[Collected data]
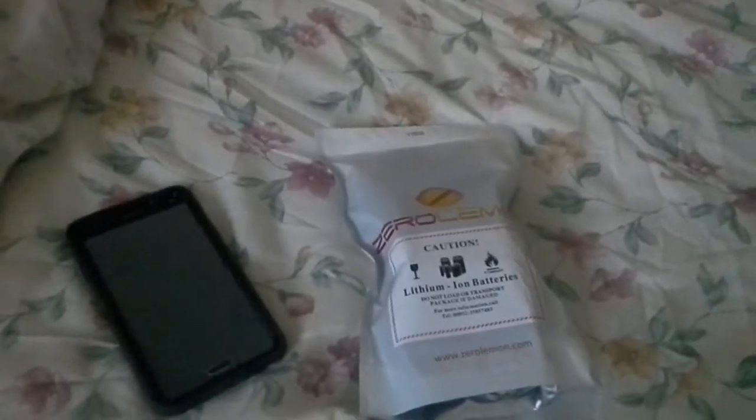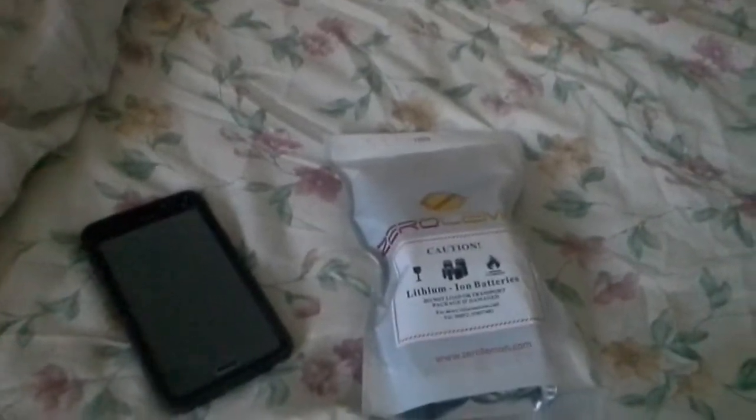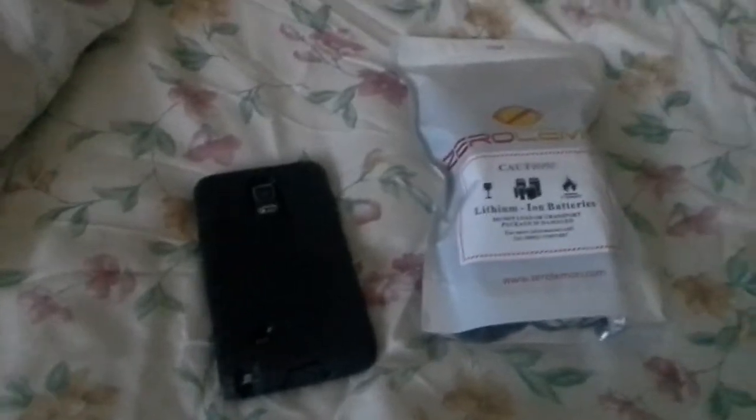What's going on, you guys? T-Man D-Man here. ZeroLemon 10,000 milliamp battery for Samsung Galaxy Note 4. Let's get into it.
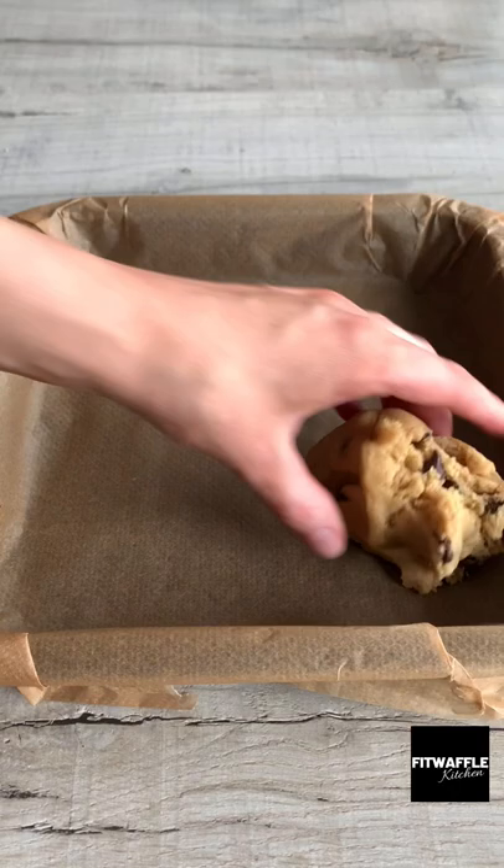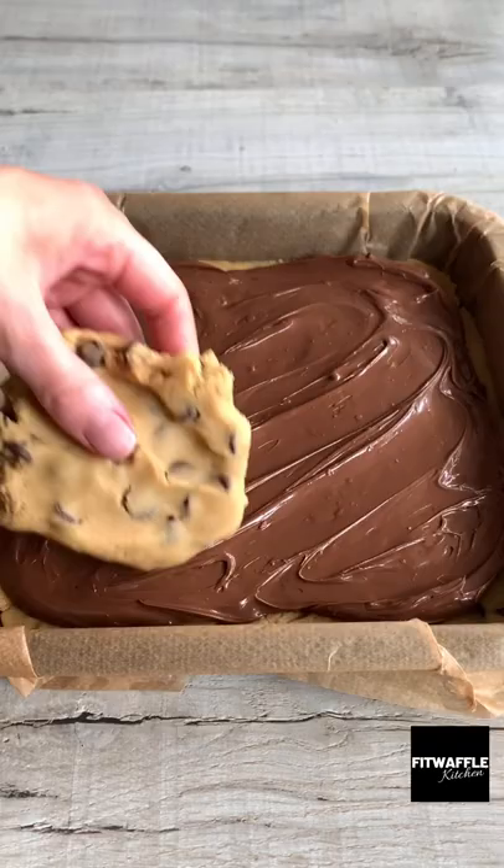Separate the dough into thirds, then press one layer into the base of your tray and smooth it out. Dollop on your Nutella and smooth this out evenly. Then add your second layer of cookie dough and gently press this down. Add a layer of Biscoff spread and smooth this out.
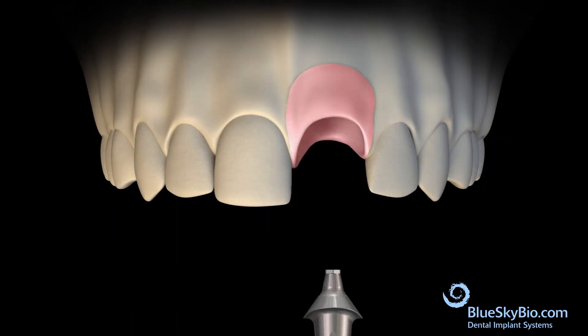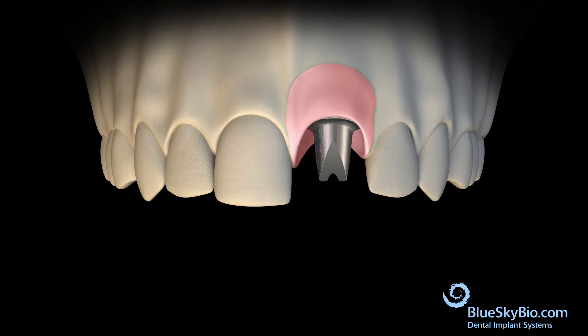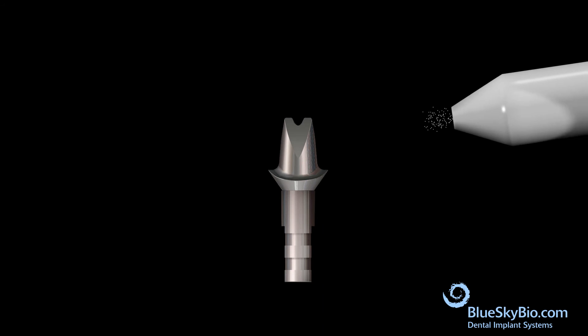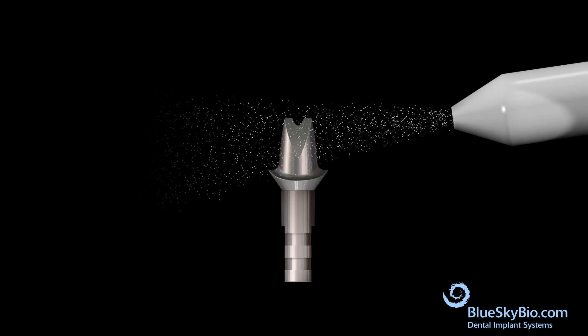Place the abutment into the stone model to verify the fit. Remove the abutment and place it onto an analog. If desired, a white resin material can be applied to the abutment. Sandblast the crown retaining surface of the abutment.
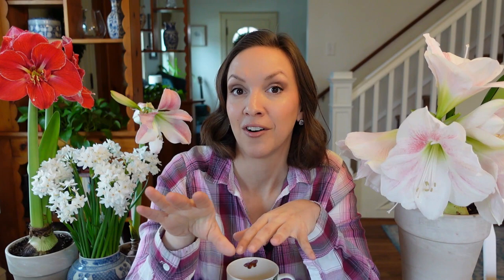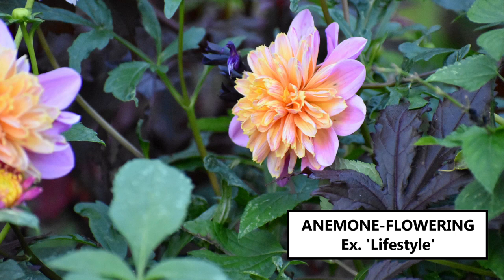Anemone flowering dahlias have seen an increase in popularity over maybe the last eight years. These have one or more rows of petals surrounding a center of elongated tubular disc florets, which create a domed pin-cushion appearance reminiscent of scabiosa. Their unique centers really bring diversity to event florals and elaborate compote designs. Unfortunately, from personal experience, I don't feel like they have a good vase life — but please let me know in the comments if you've grown them and feel differently. It really is a cool dahlia that doesn't look like a dahlia — more like a scabiosa, a double echinacea, or Zinderella zinnias.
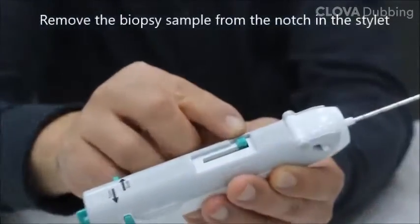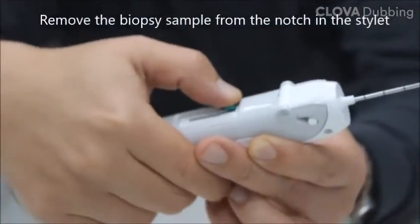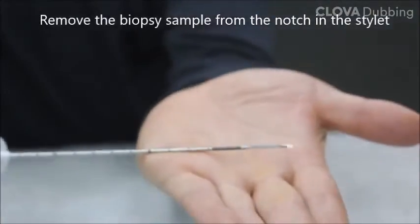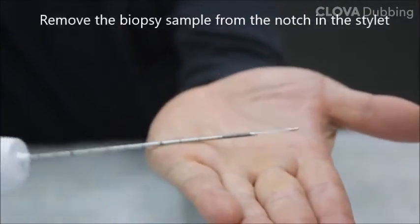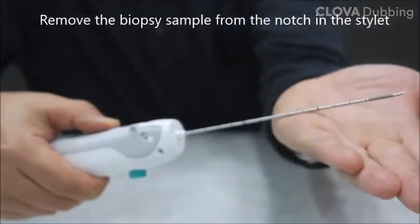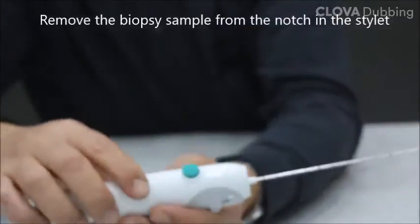Expose the notch by moving the cannula using the tissue collection button at the bottom. Remove the biopsy specimen from the notch of the stylet. This needle must be used by a physician who has learned intervention techniques and is familiar with possible side effects.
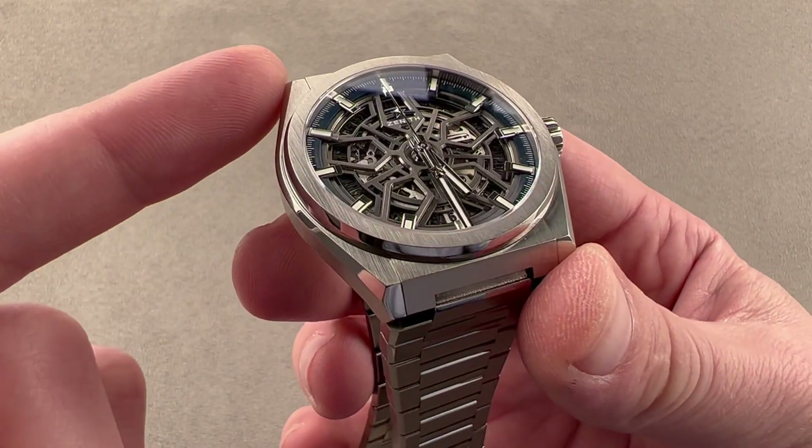The dial is an open skeleton dial with a blue ray treatment outboard and blue metallic finish. We have stainless steel rhodium-plated applique indices. The watch is lumed — we'll do a loom shot right now. You can see this is a true sports watch: automatic winding, highly water resistant down to 100 meters, loomed, and on a full bracelet. It doesn't get any better than that.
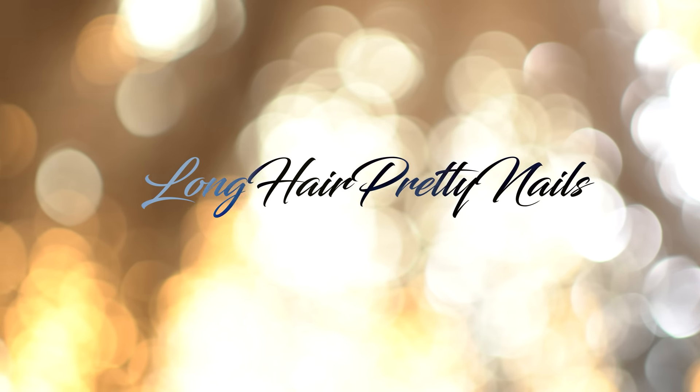This is the intro to Long Head Pretty Nail Show. Hey guys, what's up and welcome back to my channel.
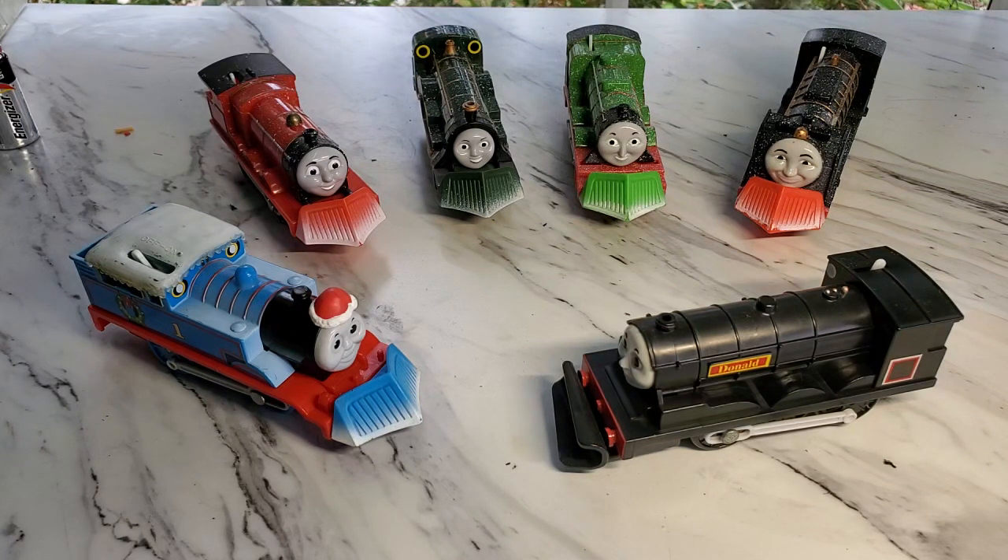I got a question from Hazard Yogen. He asked me how do you remove snow plows from Thomas's? Well, here's my collection of snow plows.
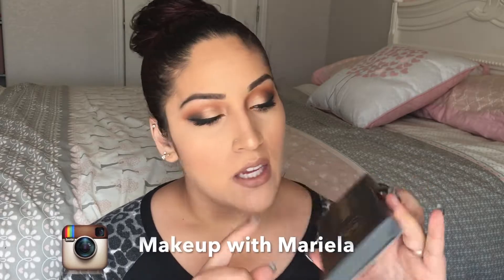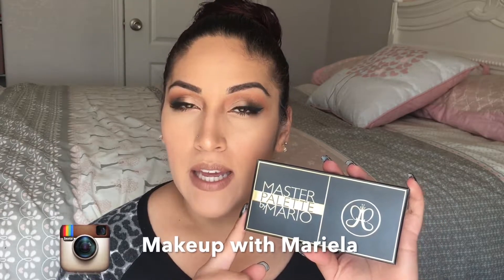Hey everyone! Welcome back to my channel. So today I am bringing you a review, demo, and swatches on the new Anastasia Master Palette by Mario. He is a professional makeup artist and he is known to do makeup on like Kim Kardashian. So this is the newest palette Anastasia has come out in collab with Mario. I do include a review and swatches and also a mini tutorial on this look that I am wearing right now. So if you would like to know a little more about this palette, what I think about it, and to also see a mini tutorial on this look, just keep on watching.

Task details: Copy exactly the lines from the one containing "I got a question" through the final line of the records above, both included, and leave out any pictures.

Problem solution:
I got a question from Hazard Yogen. He asked me how do you remove snow plows from Thomas's? Well, here's my collection of snow plows.
Hey everyone! Welcome back to my channel. So today I am bringing you a review, demo, and swatches on the new Anastasia Master Palette by Mario. He is a professional makeup artist and he is known to do makeup on like Kim Kardashian. So this is the newest palette Anastasia has come out in collab with Mario. I do include a review and swatches and also a mini tutorial on this look that I am wearing right now. So if you would like to know a little more about this palette, what I think about it, and to also see a mini tutorial on this look, just keep on watching.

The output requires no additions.